When Tristan Rogers was 6, he decided to raise money so that children like him elsewhere in the world can have food to eat.

With encouragement from his parents, Tristan reached out to family members and relatives to collect funds for donation to a meal packing event his church was hosting for the nonprofit Rise Against Hunger, which aims to eradicate hunger globally.

Tristan raised enough money that year to supply meals for one child for every day since he was born, according to his father, Jim Rogers.

Two years later, Rogers and his family joined about 1,000 other volunteers to raise money and pack food for Christ Church Fairfax Station’s third annual Together We Rise Against Hunger drive, a four-day affair that concluded on May 18 with the collection and packaging of 210,000 total meals.

“I don’t want kids to go hungry,” Tristan said. “…Families here can come help out…All the kids are very, very involved in this and also the parents. The first time I came here, I wanted to keep on doing it.”

Originally called Stop Hunger Now, Rise Against Hunger was founded in 1998 by a United Methodist minister named Ray Buchanan who had enlisted in the U.S. Marines during the Vietnam War.

While the organization is primarily driven by volunteers who package meals for distribution by partners in countries around the world, Rise Against Hunger also responds to natural and man-made disasters that disrupt local access to food and supports community programs that promote sustainable agricultural and livestock production.

Christ Church first established a partnership with Rise Against Hunger shortly after relocating to a new building off of Route 123 about four years ago.

After moving into the new building, church leaders wanted to find ways to encourage their congregation to get involved in community service.

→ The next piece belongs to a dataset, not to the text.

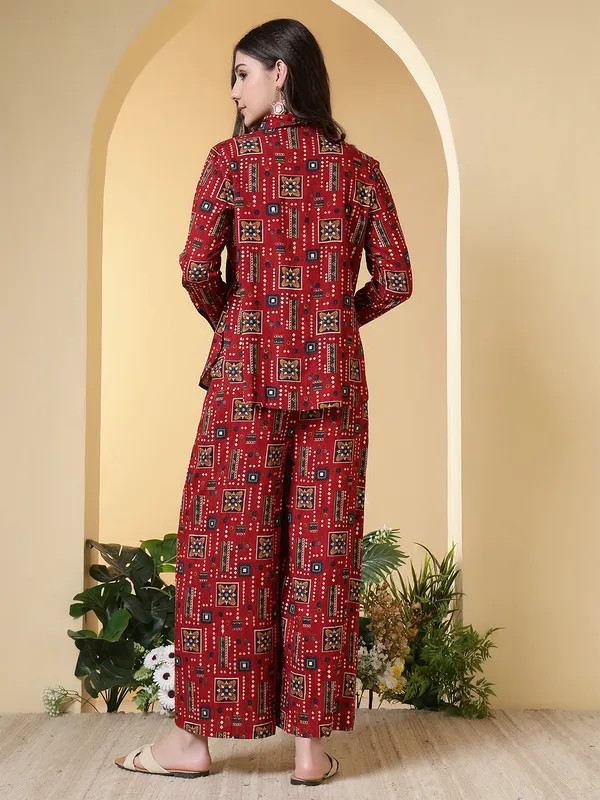Maroon_Viscose_Rayon_Co-Ord_Set_For_Women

Rise Against Hunger emerged as an ideal partner, both because the organization proved easy to work with and accessible and because of the kind of philanthropy it does.

“This was something that wasn’t just meaningful and impactful, but it also was something that a variety of ages could participate in,” Christ Church Associate Pastor Ryan LaRock said. “So, one of the things that’s amazing is you have everybody, from little kids all the way through adults, serving.”

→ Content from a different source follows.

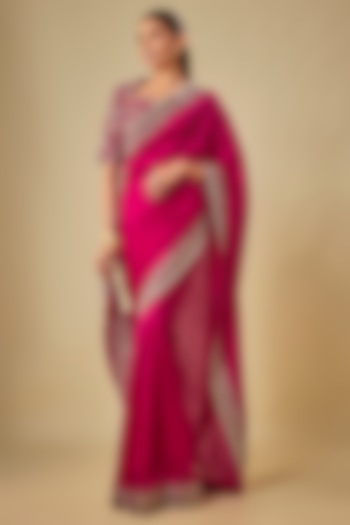 Pink Silk Zardosi Embroidered Bridal Saree Set by Jayanti Reddy at Pernia's Pop Up Shop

For the first Together We Rise Against Hunger, Christ Church collaborated with next-door neighbor Temple B’nai Shalom to pack 100,000 meals. The goal increased to 300,000 meals for the event’s second iteration in 2018.

The third annual Together We Rise Against Hunger lasted from May 15 through May 18 and featured the involvement of 23 different faith organizations from across Fairfax and Loudoun Counties.

Rise Against Hunger has partners in 31 countries, primarily in Central and South America as well as Africa, so the meals packed at Christ Church’s events go to different recipients every year depending on where the nonprofit sees a need.

After last year’s proceeds went to Madagascar, the meals collected in 2019 will be shipped to El Salvador and will be distributed mostly through local school feeding programs that help students and families, according to Rise Against Hunger community engagement manager Alex Hart, who works with donors and volunteers in the Washington, D.C., metropolitan area.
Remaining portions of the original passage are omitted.